Non-small cell lung cancer (NSCLC) is the most common malignant tumor globally and is associated with an extremely high mortality rate (1). The incidence of NSCLC continues to surge globally. As with other tumors, lung adenocarcinoma which accounts for about 35–45% of all lung malignant tumors is a heterogeneous disease characterized by high rates of genetic mutation (2). Despite the emergence of diverse new approaches for the treatment of lung adenocarcinoma, such as targeted and immune therapy, long term survival is still poor (3,4). One of the main reasons for this is that most patients are diagnosed at an advanced stage. Thus, it is necessary to understand the molecular mechanisms behind lung adenocarcinoma genesis, growth and progression, and identify biomarkers that can be detected during the early stages of the disease.

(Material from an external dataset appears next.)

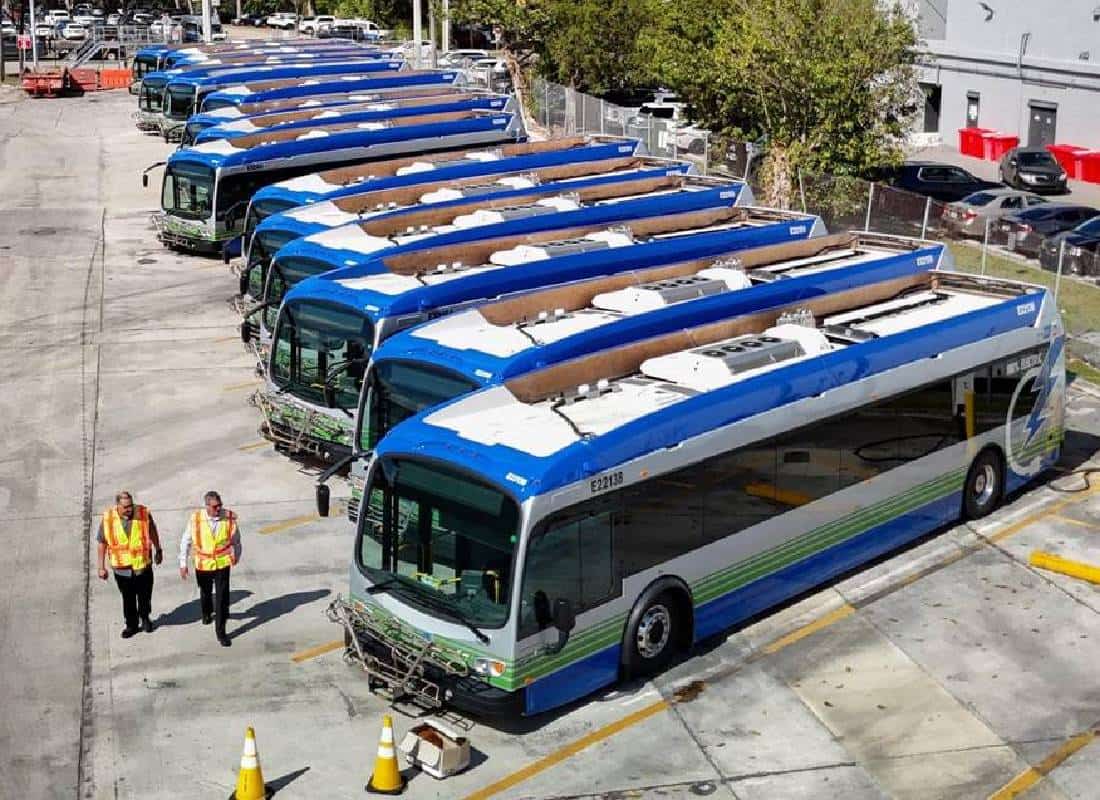 נהג אוטובוס במיאמי-דייד חשוד בהריגת שני נוסעים לאחר ויכוח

Recently, high-throughput bioinformatic technologies such as microarrays have been widely used to screen for differentially expressed genes (DEGs) and identify the functional pathways involved in the genesis and development of lung adenocarcinoma. However, the reliable results are not easy to obtain due to the false-positive rates that may exist in every independent microarray analysis. Thus, we downloaded three original mRNA data sets (GSE32863, GSE63459 and GSE75037) from the Gene Expression Omnibus (GEO; http://www.ncbi.nlm.nih.gov/geo/) and aimed to identify the DEGs between normal lung and lung adenocarcinoma tissues. Next, the Kyoto Encyclopedia of Genes and Genomes (KEGG; http://www.genome.jp/) and Gene Ontology (GO; http://www.geneontology.org) databases were used to identify biological processes enriched in DEGs, and integrated protein-protein interaction (PPI) network analysis was used to help us understand the molecular mechanisms underlying lung adenocarcinoma genesis and development. Sixteen hub genes and 376 DEGs were identified, which could be potential target genes and candidate biomarkers for lung adenocarcinoma. To minimize the false-positive rate of the microarray analysis, the results were then confirmed in cell lines and human sample tissues.

Materials and methods

Microarray data

GEO is a public functional genomics data repository supporting MIAME-compliant data submissions. It accepts sequence based and array data. Tools are provided to help users query and download experiments and curated gene expression profiles (5). The GSE32863, GSE63459 and GSE75037 datasets produced by the Illumina HumanWG-6/Ref-8 v3.0 expression beadchip platform (Illumina Inc; http://www.illumina.com) were downloaded for further analysis. The GSE63459 dataset contains data from 33 lung adenocarcinoma tissue samples and 32 adjacent normal tissue samples (6). The GSE32863 dataset contains data from 58 lung adenocarcinoma tissue samples and 58 fresh frozen adjacent non-cancerous samples (7). Moreover, the GSE75037 dataset contains data from 84 lung adenocarcinoma and 84 adjacent non-cancerous lung tissue samples (8).

Identification of DEGs

GEO2R is an online web tool (https://www.ncbi.nlm.nih.gov/geo/geo2r/) provided by the GEO for comparing GEO series to identify DEGs across experimental conditions. The cutoff criteria were set to P-value <0.05 and logFC (fold change)>1. We excluded probe sets without exact gene symbols, and genes with two or more probe sets were averaged.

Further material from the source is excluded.